The Zero Times Infinity Problem
August 24, 2013
There are two ways to keep yourself safe while rock climbing: The first option is to protect yourself carefully with ropes and gear, so that if you fall you won't fall too far or hard. The second option is to make sure not to fall. I think that the option climbers choose reflects their perception of what I like to call the "zero times infinity" problem, in which you multiply a near-zero probability by a near-infinite loss.
The first group of climbers think, "If I had a bad fall, that would be really, really bad, so I'm gonna try to make sure that none of my falls can be like that." These people are effectively saying zero times infinity is infinity. The second group of climbers think, "Let me just make extra sure not to fall, and then it doesn't really matter how bad it would be if I did because it's not gonna happen." This group takes zero times infinity to be zero. For the record, I'm in the first group for climbing, (but of course the second for measure-theoretic integration!)
The zero times infinity problem has more general applications to disaster planning: The probability of some disaster occurring is very small, but the loss incurred if the disaster happened would be very large. Unfortunately, by the very nature of this problem, it's hard to make reasonable quantitative inferences about it: Because the disaster very rarely happens, or perhaps has never happened yet, it's hard to estimate the probability of occurrence.

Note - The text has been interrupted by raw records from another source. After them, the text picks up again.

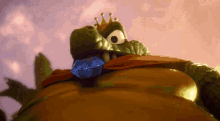 Super Smash Bros Ultimate King K Rool GIF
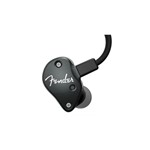 Ficha técnica e caractérísticas do produto Monitor In-ear Fender Professional - Fxa6 - Black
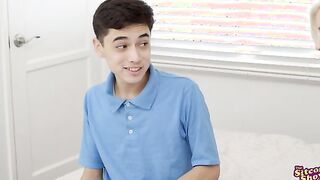 The Exchange School bimbos Hands On Anatomy - S2:E4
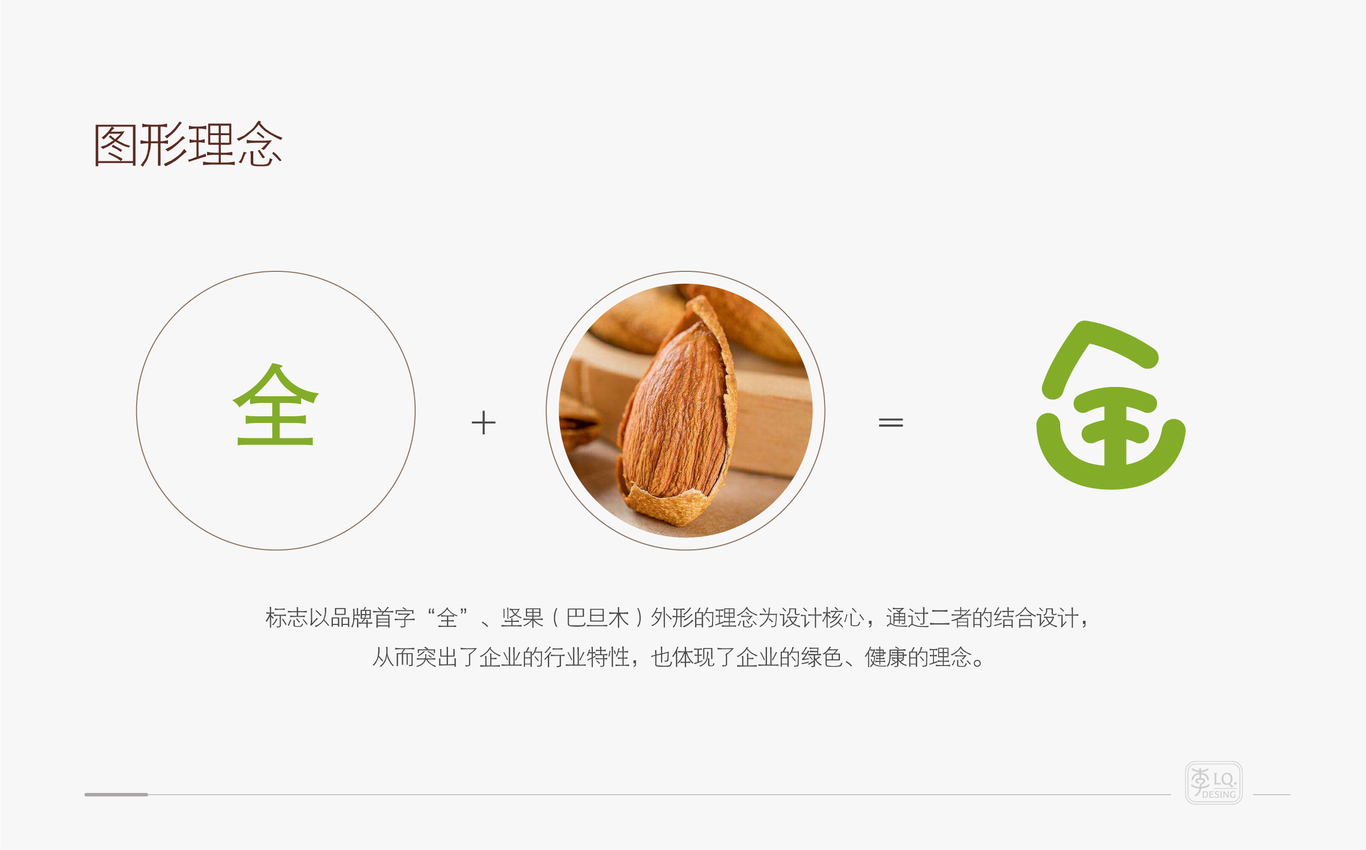 全坤坚果品牌LOGO设计图18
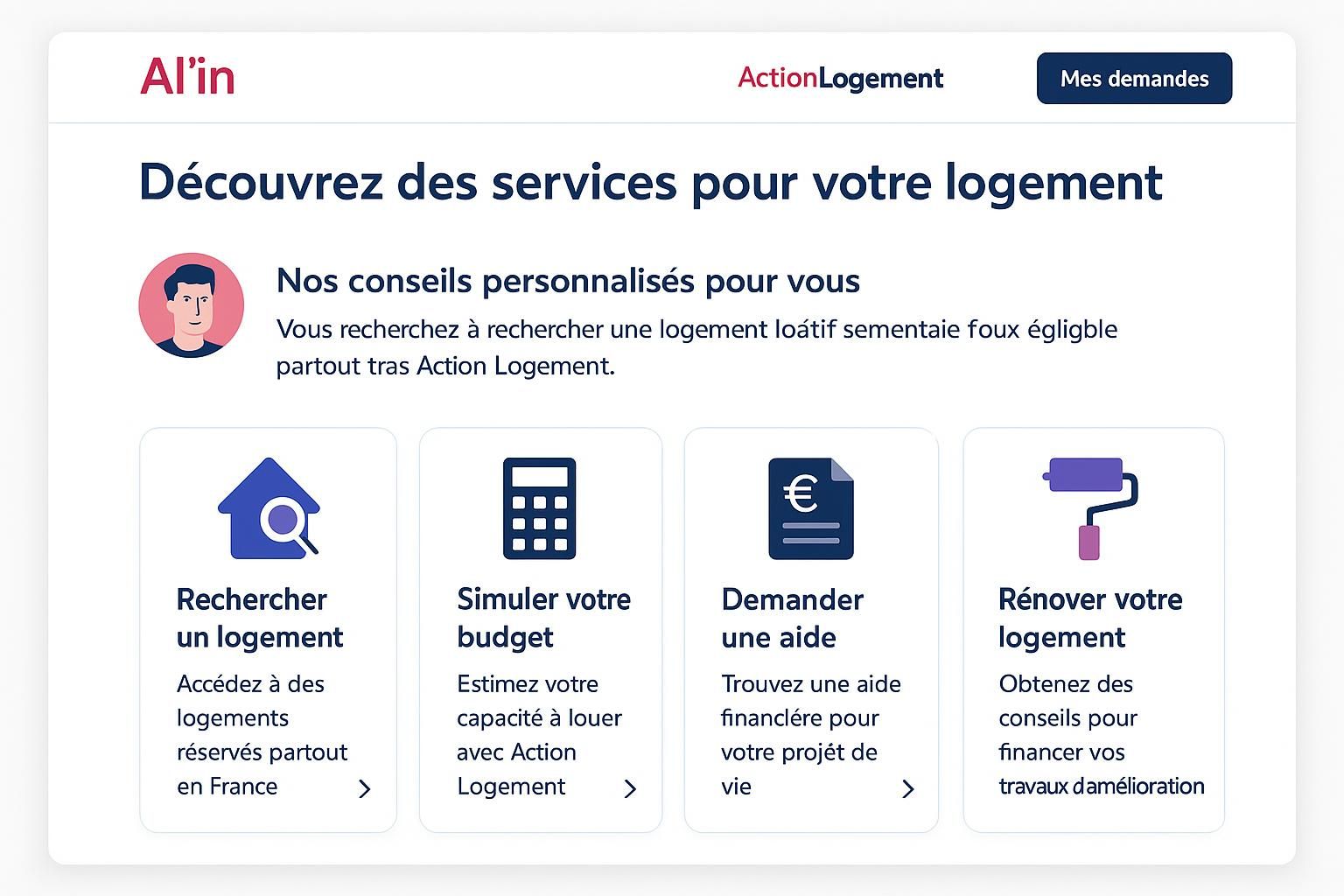 découvrez al'in action logement, la plateforme dédiée aux salariés pour faciliter l'accès au logement, bénéficier d'aides personnalisées et accompagner vos démarches.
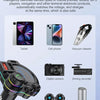 Multi-Function Car Charger with Bluetooth and Fast Charging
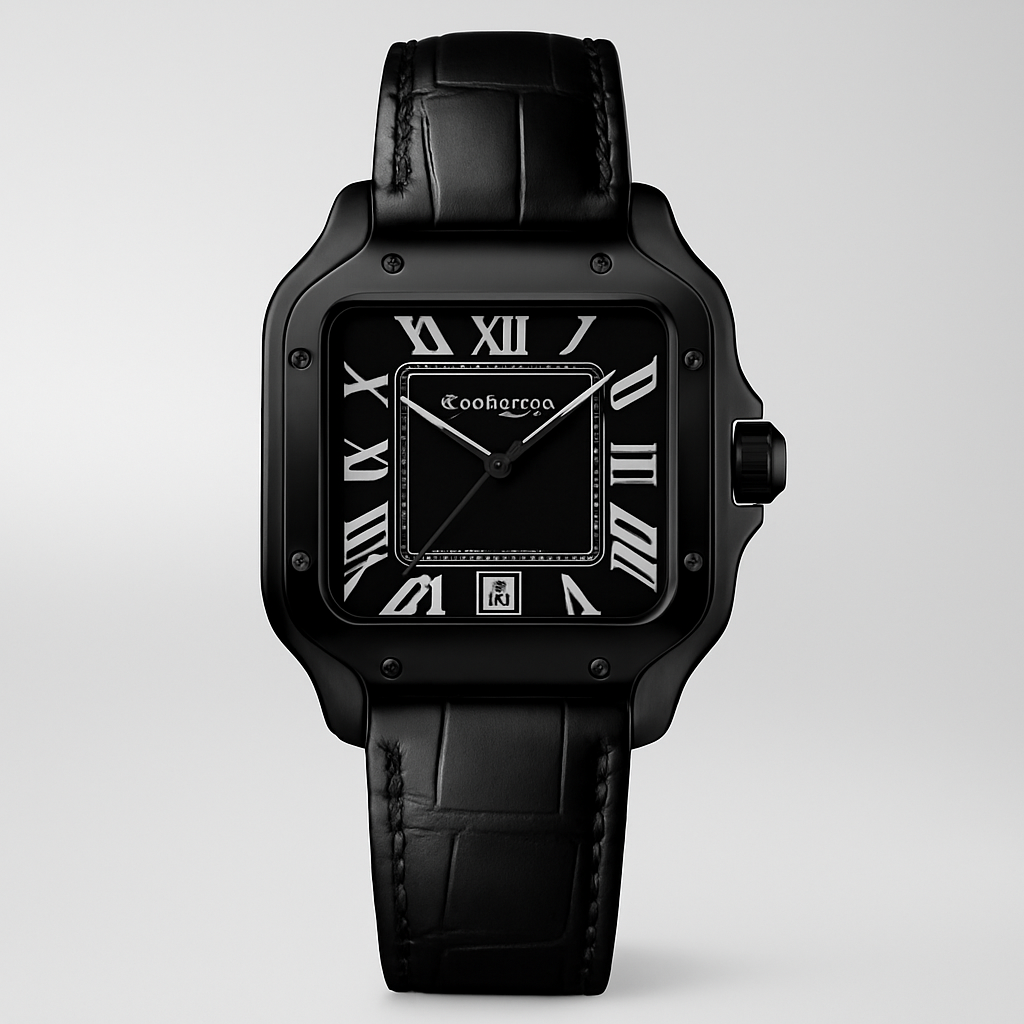 Watch Watch Silver Poedagar Pro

And since we've only observed between zero and a handful of disasters, it's hard to estimate how much loss you will incur when or if it happens.
And it makes quite a difference! If the yearly probability of a major disaster in Chicago is anywhere between 0.1% and 1%, and the loss from this disaster is anywhere from \$1 billion and \$10 billion, then the yearly expected loss is anywhere between \$1 million and \$100 million, which makes the difference between ignoring the possibility of disaster and actively planning for it.
To get a sense of how tough this problem is statistically, suppose we're trying to estimate the probability of some disaster happening in a given year. It hasn't happened in any of the last 100 years, and we don't have any data from before that. Let's get a 95% confidence interval for the disaster probability: Well, if we suppose that the disasters occur in any year independently, and the true (fixed) disaster proportion is $p$, then the probability of having seen no disasters so far is $(1 - p)^{100}$. To get a 1-sided 95% confidence interval, we set this probability between $0.05$ and $1.0$, and get $p \in [0, 1 - 0.05^{1/100}] = [0, 0.0295]$. So with 95% confidence, the yearly disaster probability could be as large as 3% a year, which is large enough to plan for, or as small as 0, which means we have no problem.
In other words, despite a hundred years worth of data, we still don't know whether or not to plan for disaster! What can we do about this? Here are three general strategies:
Firstly, we can sometimes expand the amount of data we have by looking at "semi-parallel universes". Perhaps any given city has only a hundred years of disaster data, but collectively, the world's cities have many times more. It's probably possible to use this auxiliary data, for example, to quantify how summer temperatures and population densities contribute to the risk and cost of major fires. Or you could look at climbing statistics to determine the rate at which strong, careful climbers fall. Incorporating these horizontal parallels seems to work well for many insurance problems.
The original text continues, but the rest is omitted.